* **What is being asked**
Below is a listing to repeat exactly, with its pictures left out.

* **Data excerpt**
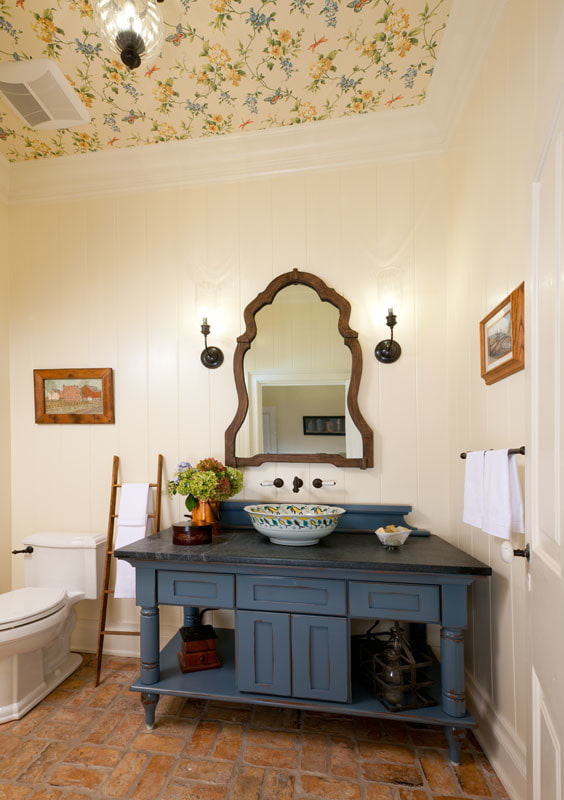 ceiling wallpaper in the bathroom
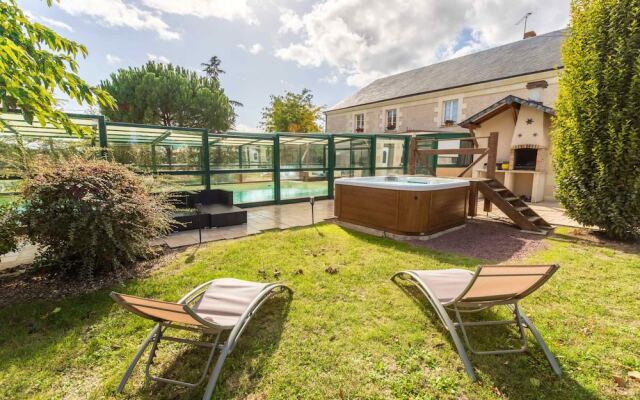 Studio in Mouterre-silly, With Pool Access, Enclosed Garden and Wifi -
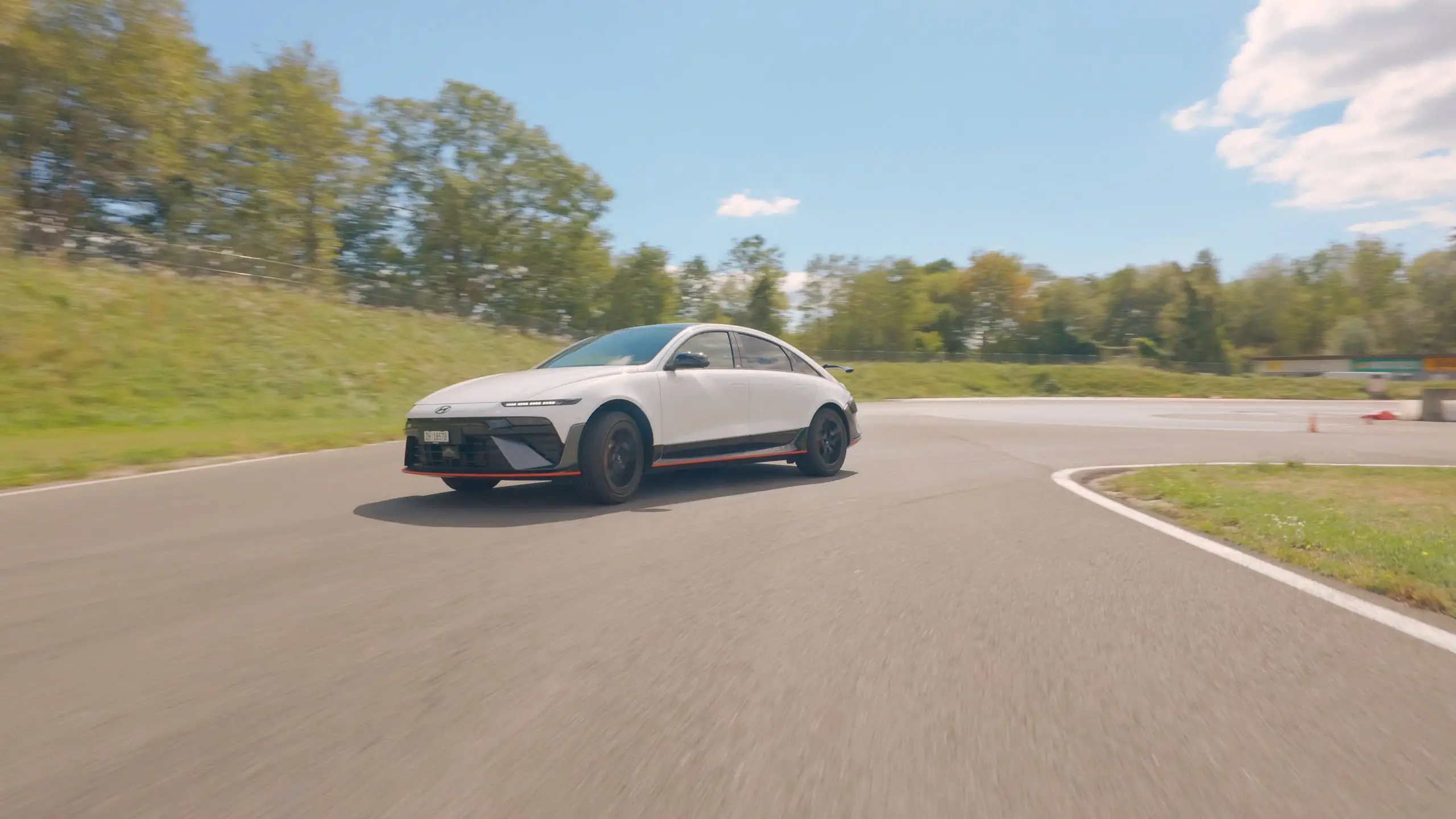 Hyundai Ioniq 6 N in einer Rechtskurve auf einer abgesperrten Strecke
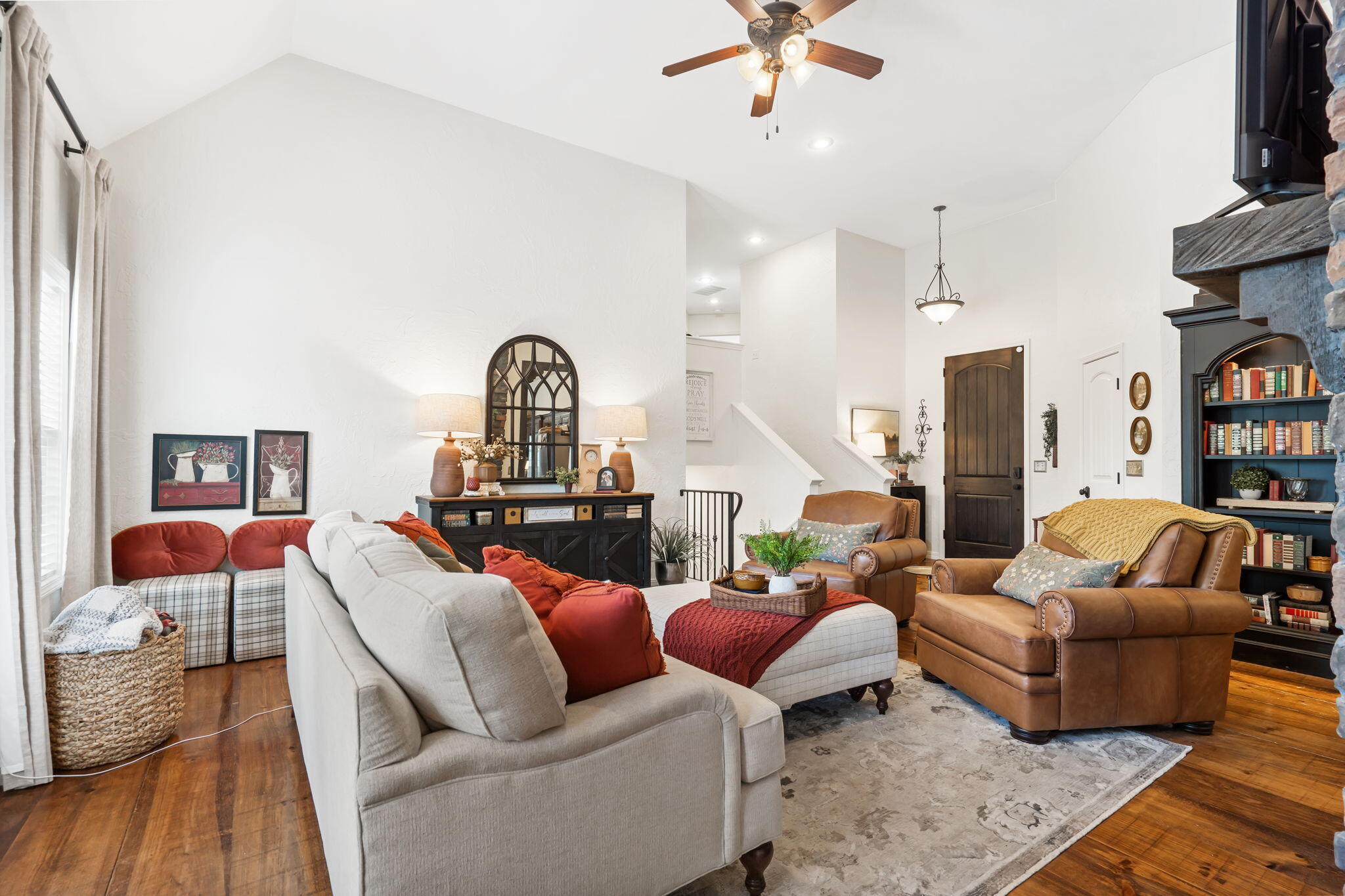 409 W Landsdowne Drive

* **Response**
 ceiling wallpaper in the bathroom
 Studio in Mouterre-silly, With Pool Access, Enclosed Garden and Wifi -
 Hyundai Ioniq 6 N in einer Rechtskurve auf einer abgesperrten Strecke
 409 W Landsdowne Drive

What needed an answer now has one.